Data in this exercise:
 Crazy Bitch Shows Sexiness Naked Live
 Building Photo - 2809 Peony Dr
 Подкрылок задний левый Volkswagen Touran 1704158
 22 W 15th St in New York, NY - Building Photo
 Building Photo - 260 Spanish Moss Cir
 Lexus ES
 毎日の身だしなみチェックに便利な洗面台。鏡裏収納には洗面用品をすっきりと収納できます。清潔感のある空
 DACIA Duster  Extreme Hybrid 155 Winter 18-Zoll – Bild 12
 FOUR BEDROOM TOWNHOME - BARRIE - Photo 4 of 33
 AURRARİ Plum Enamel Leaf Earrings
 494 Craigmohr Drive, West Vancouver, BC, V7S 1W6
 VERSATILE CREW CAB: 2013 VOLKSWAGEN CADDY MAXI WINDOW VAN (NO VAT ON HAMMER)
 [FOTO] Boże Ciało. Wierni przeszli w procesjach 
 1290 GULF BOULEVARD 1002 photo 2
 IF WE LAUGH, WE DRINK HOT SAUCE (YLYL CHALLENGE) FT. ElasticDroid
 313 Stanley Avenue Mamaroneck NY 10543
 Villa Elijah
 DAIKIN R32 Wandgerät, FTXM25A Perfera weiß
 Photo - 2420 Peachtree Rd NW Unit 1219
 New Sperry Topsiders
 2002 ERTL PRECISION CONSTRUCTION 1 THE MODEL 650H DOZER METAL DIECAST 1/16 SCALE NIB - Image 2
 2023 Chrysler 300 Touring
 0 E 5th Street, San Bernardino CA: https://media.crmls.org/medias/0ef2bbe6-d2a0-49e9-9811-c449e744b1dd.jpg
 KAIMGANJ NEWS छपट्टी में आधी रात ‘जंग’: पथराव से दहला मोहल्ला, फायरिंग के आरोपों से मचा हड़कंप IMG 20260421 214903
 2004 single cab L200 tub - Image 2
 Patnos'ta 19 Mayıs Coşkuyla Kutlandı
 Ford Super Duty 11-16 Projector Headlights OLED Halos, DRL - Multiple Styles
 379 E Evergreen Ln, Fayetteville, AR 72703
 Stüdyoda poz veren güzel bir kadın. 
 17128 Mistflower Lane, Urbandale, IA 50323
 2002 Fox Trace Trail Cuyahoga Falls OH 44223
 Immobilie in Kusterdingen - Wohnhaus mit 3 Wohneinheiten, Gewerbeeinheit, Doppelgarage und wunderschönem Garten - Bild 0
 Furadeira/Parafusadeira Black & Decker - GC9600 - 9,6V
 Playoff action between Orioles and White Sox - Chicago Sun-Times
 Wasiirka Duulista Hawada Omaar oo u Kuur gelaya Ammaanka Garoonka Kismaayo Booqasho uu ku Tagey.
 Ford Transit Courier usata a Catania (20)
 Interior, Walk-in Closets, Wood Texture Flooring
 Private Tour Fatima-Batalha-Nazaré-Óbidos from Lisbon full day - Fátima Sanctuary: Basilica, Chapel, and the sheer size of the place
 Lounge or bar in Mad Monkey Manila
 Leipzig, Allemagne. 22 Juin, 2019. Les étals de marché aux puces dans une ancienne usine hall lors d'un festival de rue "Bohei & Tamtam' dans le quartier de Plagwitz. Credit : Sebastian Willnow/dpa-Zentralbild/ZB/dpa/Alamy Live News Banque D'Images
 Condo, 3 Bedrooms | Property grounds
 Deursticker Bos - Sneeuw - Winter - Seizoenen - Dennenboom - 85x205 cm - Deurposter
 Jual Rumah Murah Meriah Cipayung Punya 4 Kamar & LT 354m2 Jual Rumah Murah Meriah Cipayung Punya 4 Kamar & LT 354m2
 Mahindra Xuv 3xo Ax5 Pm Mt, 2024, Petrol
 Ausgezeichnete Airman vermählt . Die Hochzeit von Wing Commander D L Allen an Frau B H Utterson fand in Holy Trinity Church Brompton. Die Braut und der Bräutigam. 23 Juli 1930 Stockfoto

Exercise: Scan the material for the string "Ford". Copy each line where it appears.

Solution to the exercise:
 Ford Super Duty 11-16 Projector Headlights OLED Halos, DRL - Multiple Styles
 Ford Transit Courier usata a Catania (20)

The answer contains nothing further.